[Stored data entries]
◆ ◆ ◆ ◆

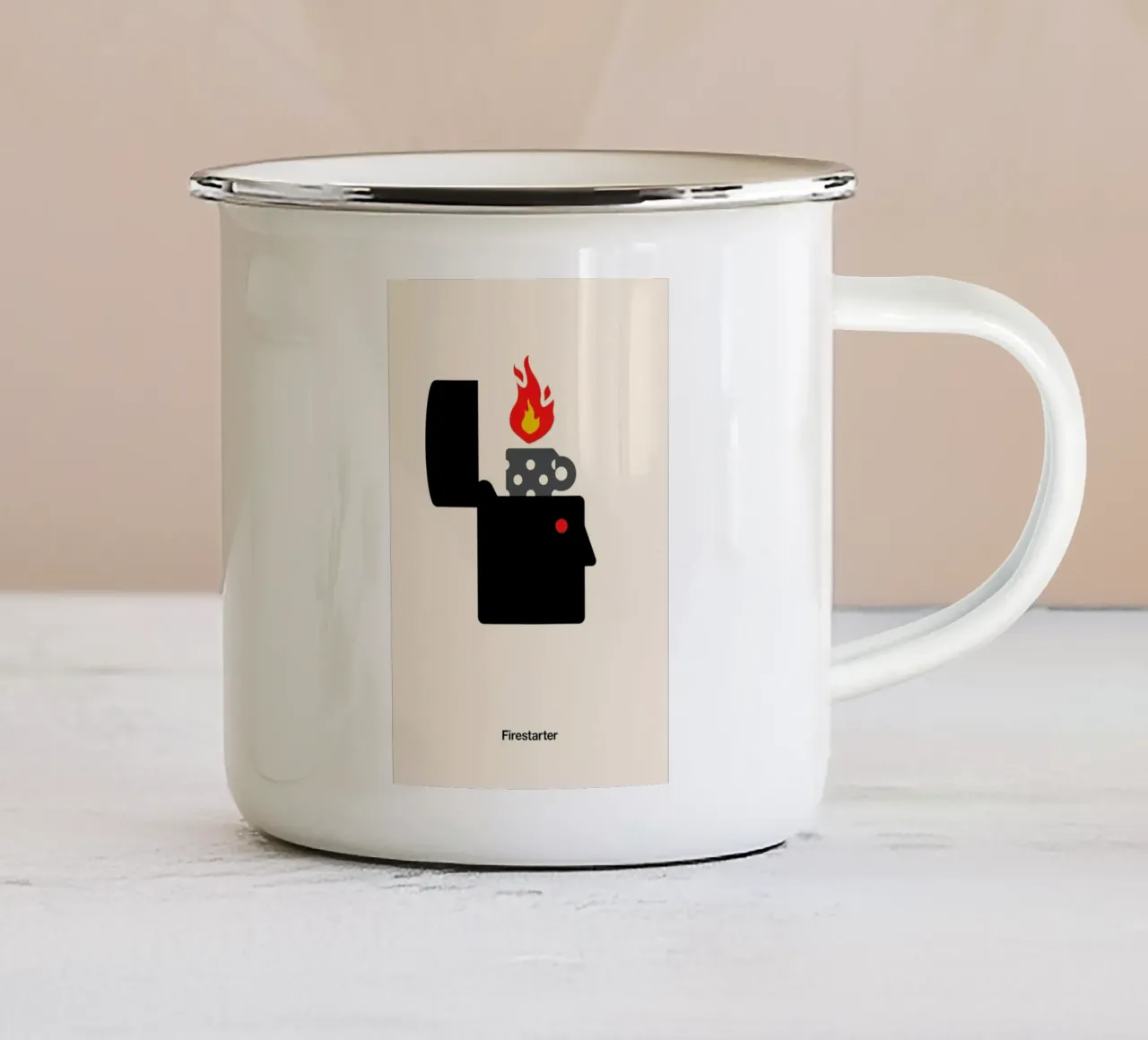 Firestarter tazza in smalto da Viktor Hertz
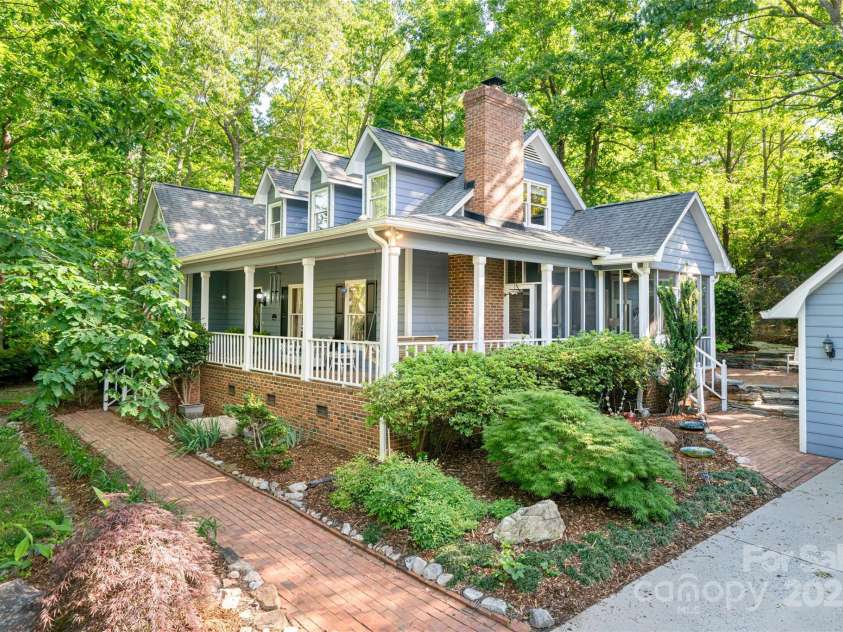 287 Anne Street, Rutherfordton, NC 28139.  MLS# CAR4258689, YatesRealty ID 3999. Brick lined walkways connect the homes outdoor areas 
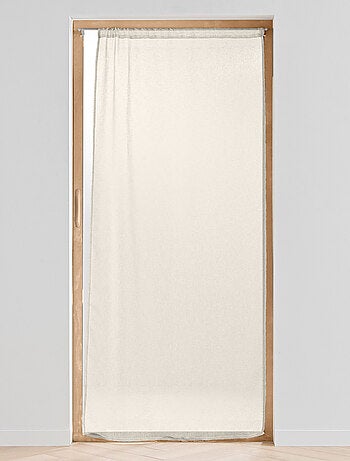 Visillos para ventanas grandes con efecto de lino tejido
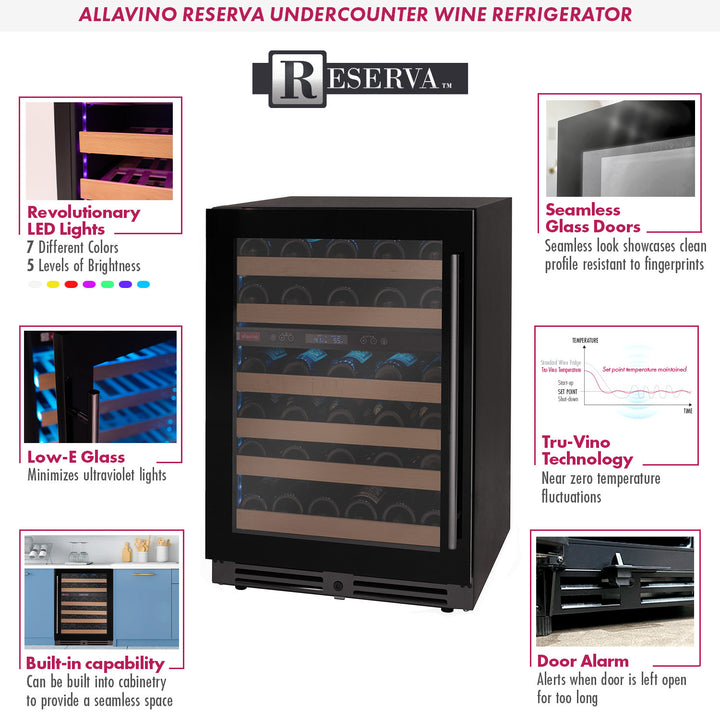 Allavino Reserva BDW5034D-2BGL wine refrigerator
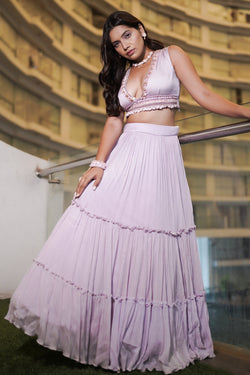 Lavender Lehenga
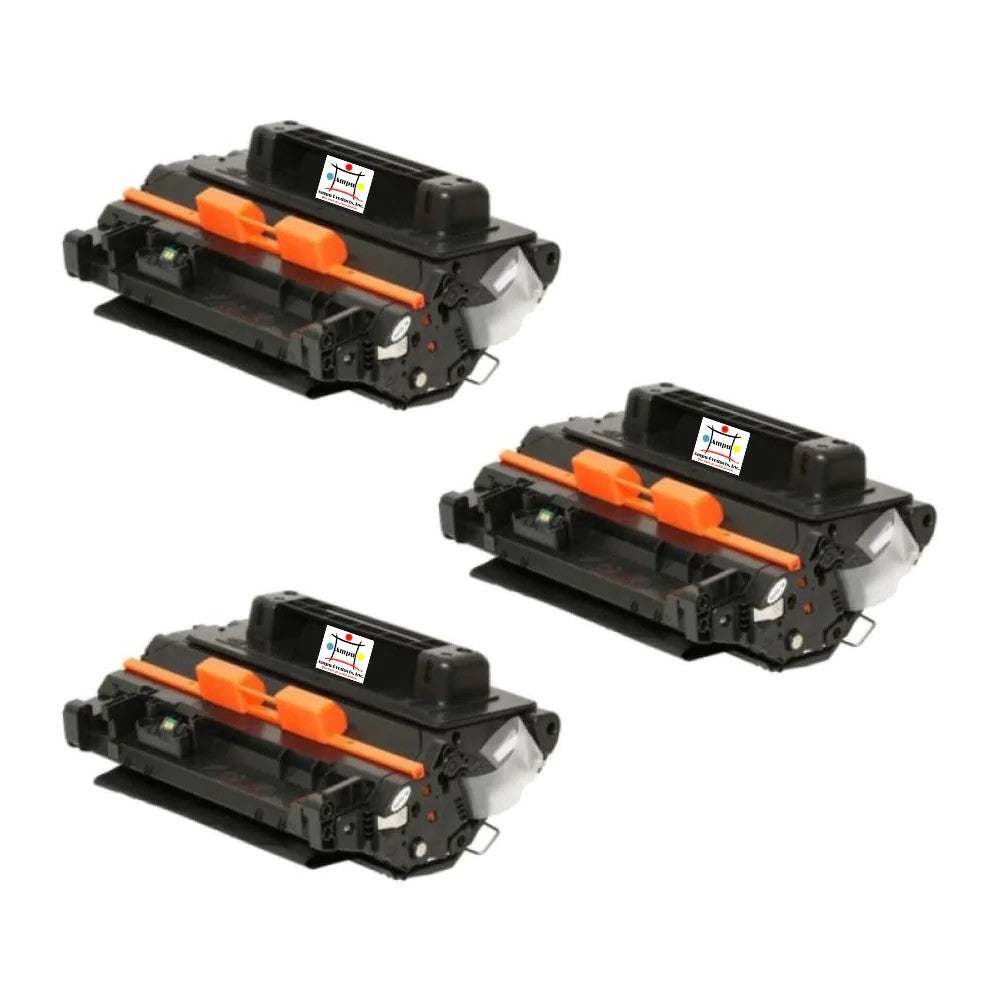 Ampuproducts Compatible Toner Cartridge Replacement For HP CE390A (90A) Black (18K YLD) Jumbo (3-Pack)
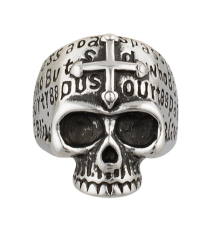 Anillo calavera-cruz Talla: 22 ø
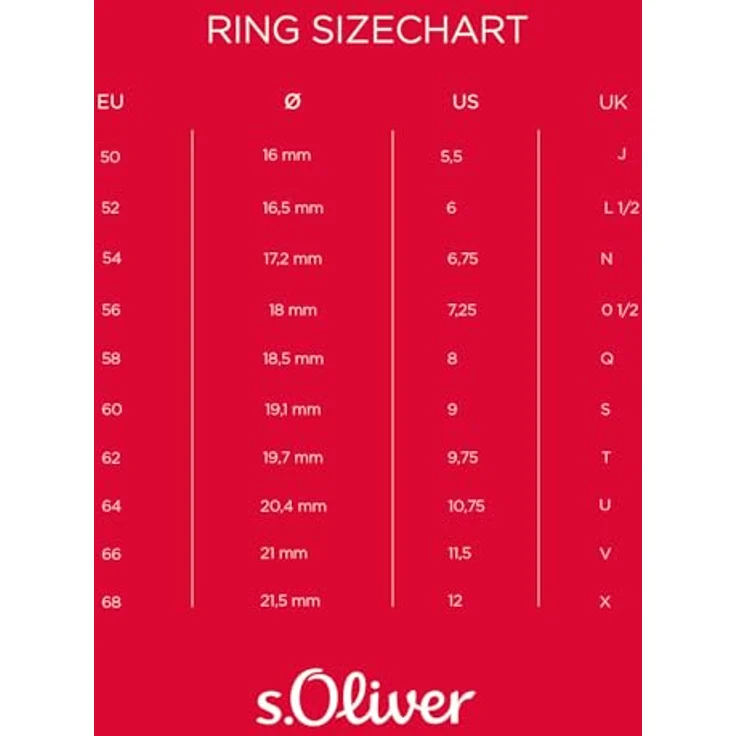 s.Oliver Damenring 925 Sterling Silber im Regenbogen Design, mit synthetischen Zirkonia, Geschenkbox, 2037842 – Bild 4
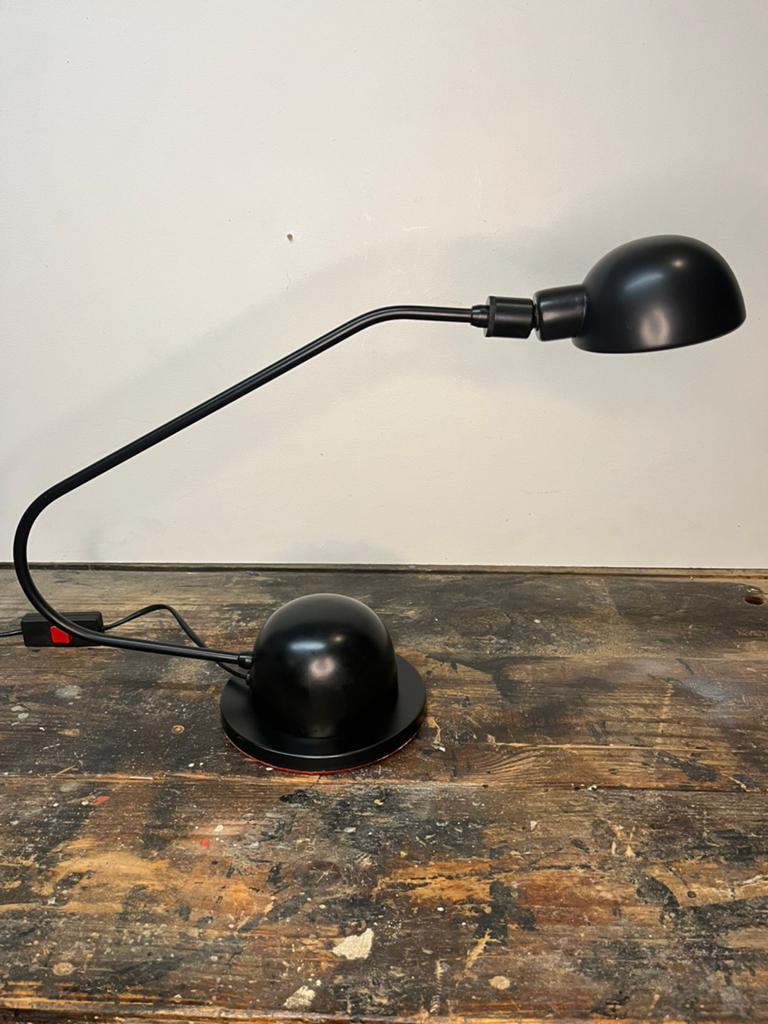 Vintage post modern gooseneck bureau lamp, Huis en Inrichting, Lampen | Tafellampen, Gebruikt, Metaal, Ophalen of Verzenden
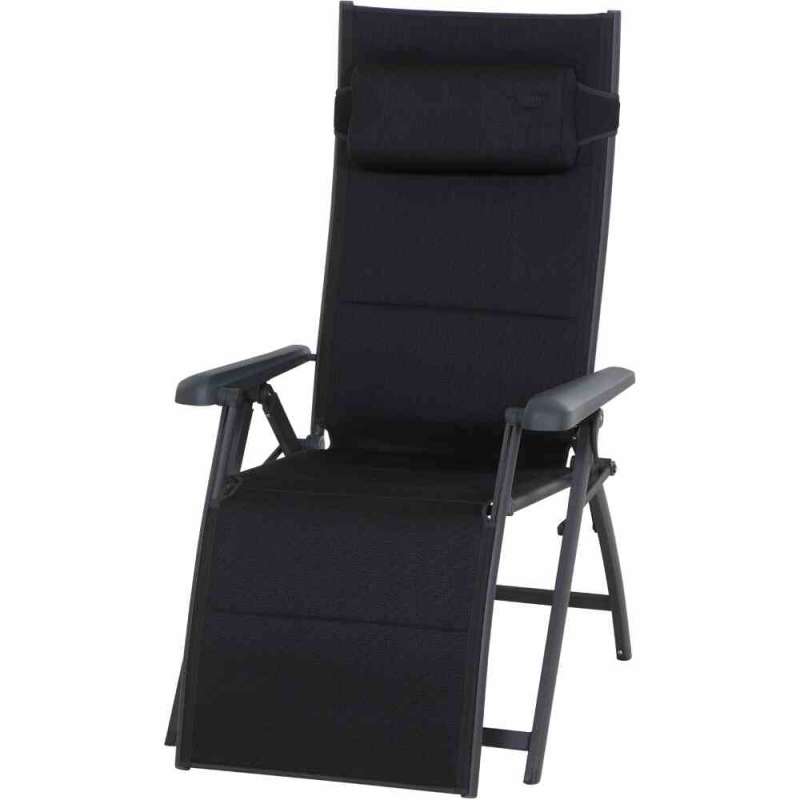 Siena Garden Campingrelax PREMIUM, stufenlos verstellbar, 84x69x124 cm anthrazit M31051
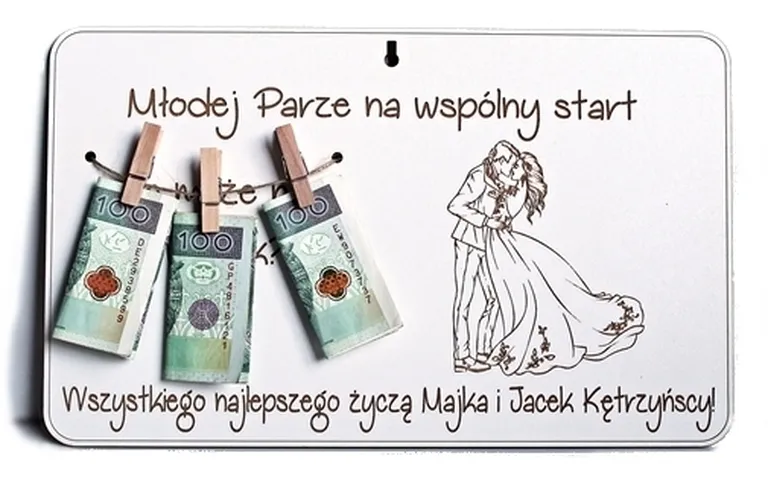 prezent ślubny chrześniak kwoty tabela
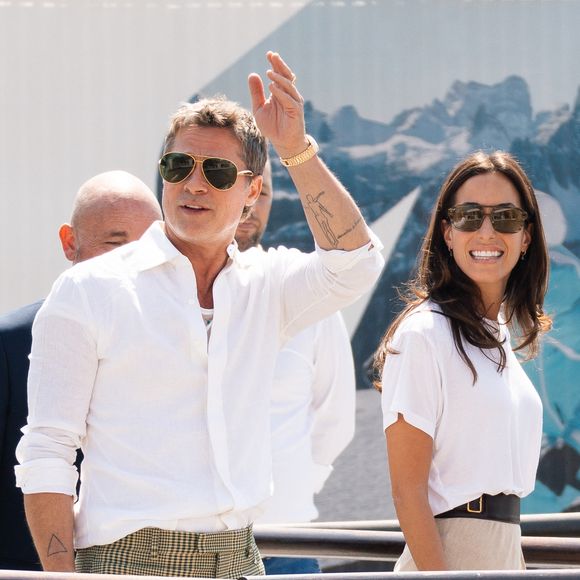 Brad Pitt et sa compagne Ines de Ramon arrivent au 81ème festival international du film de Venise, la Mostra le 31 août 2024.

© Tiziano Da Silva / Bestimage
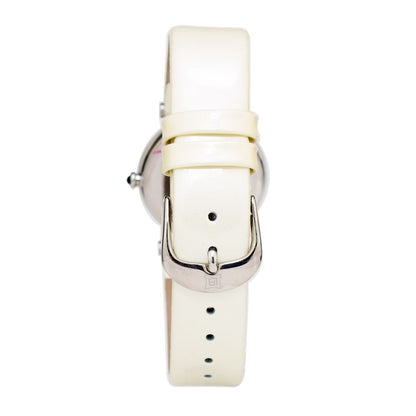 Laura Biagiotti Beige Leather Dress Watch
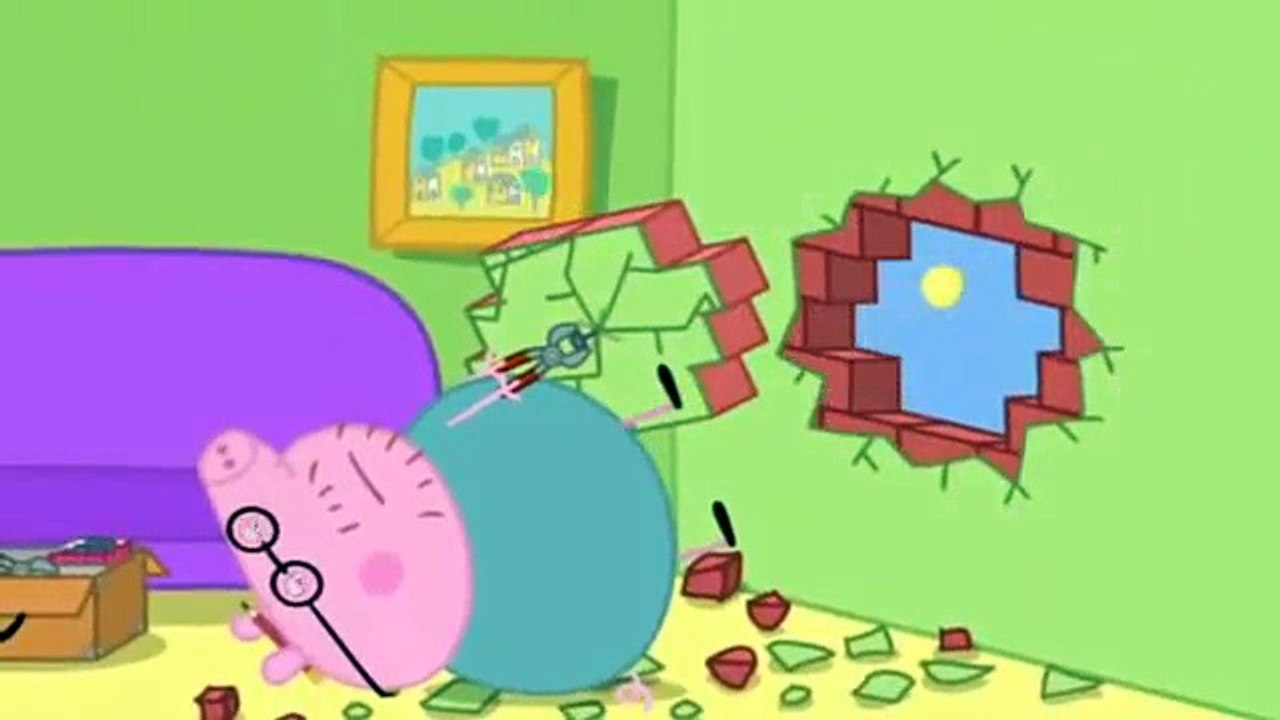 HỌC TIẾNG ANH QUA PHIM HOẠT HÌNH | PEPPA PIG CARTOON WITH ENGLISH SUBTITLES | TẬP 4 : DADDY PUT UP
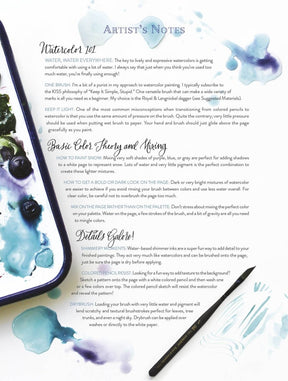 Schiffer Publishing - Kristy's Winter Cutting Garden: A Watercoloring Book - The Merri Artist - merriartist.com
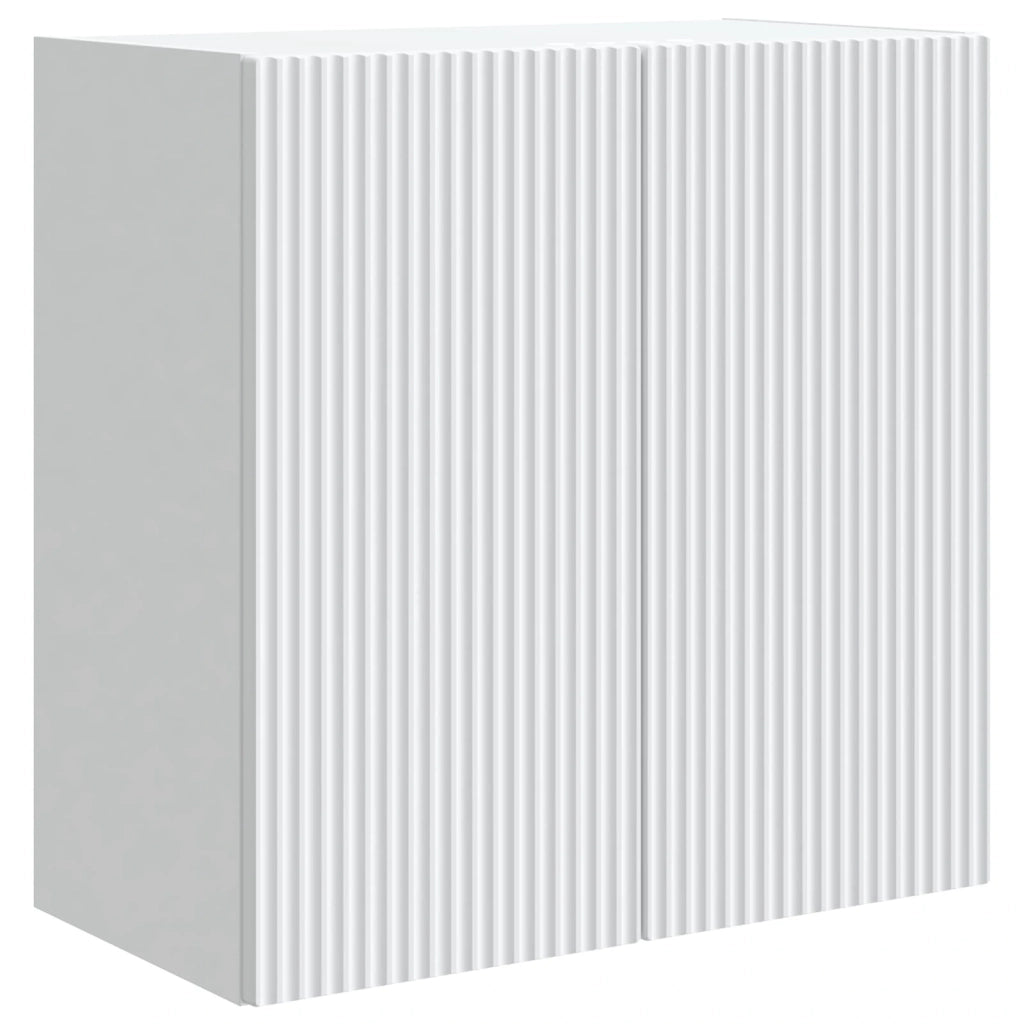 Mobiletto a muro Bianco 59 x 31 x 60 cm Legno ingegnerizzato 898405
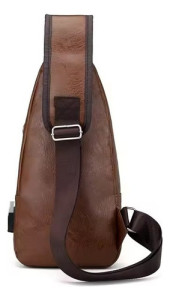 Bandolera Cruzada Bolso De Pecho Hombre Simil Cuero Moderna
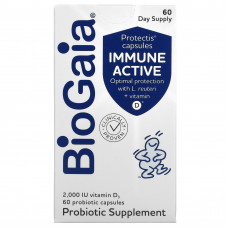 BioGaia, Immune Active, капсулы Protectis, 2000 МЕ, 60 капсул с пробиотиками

◆ ◆ ◆ ◆

Output the entries above exactly as given, but strip out the pictures.

Response =
 Firestarter tazza in smalto da Viktor Hertz
 287 Anne Street, Rutherfordton, NC 28139.  MLS# CAR4258689, YatesRealty ID 3999. Brick lined walkways connect the homes outdoor areas 
 Visillos para ventanas grandes con efecto de lino tejido
 Allavino Reserva BDW5034D-2BGL wine refrigerator
 Lavender Lehenga
 Ampuproducts Compatible Toner Cartridge Replacement For HP CE390A (90A) Black (18K YLD) Jumbo (3-Pack)
 Anillo calavera-cruz Talla: 22 ø
 s.Oliver Damenring 925 Sterling Silber im Regenbogen Design, mit synthetischen Zirkonia, Geschenkbox, 2037842 – Bild 4
 Vintage post modern gooseneck bureau lamp, Huis en Inrichting, Lampen | Tafellampen, Gebruikt, Metaal, Ophalen of Verzenden
 Siena Garden Campingrelax PREMIUM, stufenlos verstellbar, 84x69x124 cm anthrazit M31051
 prezent ślubny chrześniak kwoty tabela
 Brad Pitt et sa compagne Ines de Ramon arrivent au 81ème festival international du film de Venise, la Mostra le 31 août 2024.

© Tiziano Da Silva / Bestimage
 Laura Biagiotti Beige Leather Dress Watch
 HỌC TIẾNG ANH QUA PHIM HOẠT HÌNH | PEPPA PIG CARTOON WITH ENGLISH SUBTITLES | TẬP 4 : DADDY PUT UP
 Schiffer Publishing - Kristy's Winter Cutting Garden: A Watercoloring Book - The Merri Artist - merriartist.com
 Mobiletto a muro Bianco 59 x 31 x 60 cm Legno ingegnerizzato 898405
 Bandolera Cruzada Bolso De Pecho Hombre Simil Cuero Moderna
 BioGaia, Immune Active, капсулы Protectis, 2000 МЕ, 60 капсул с пробиотиками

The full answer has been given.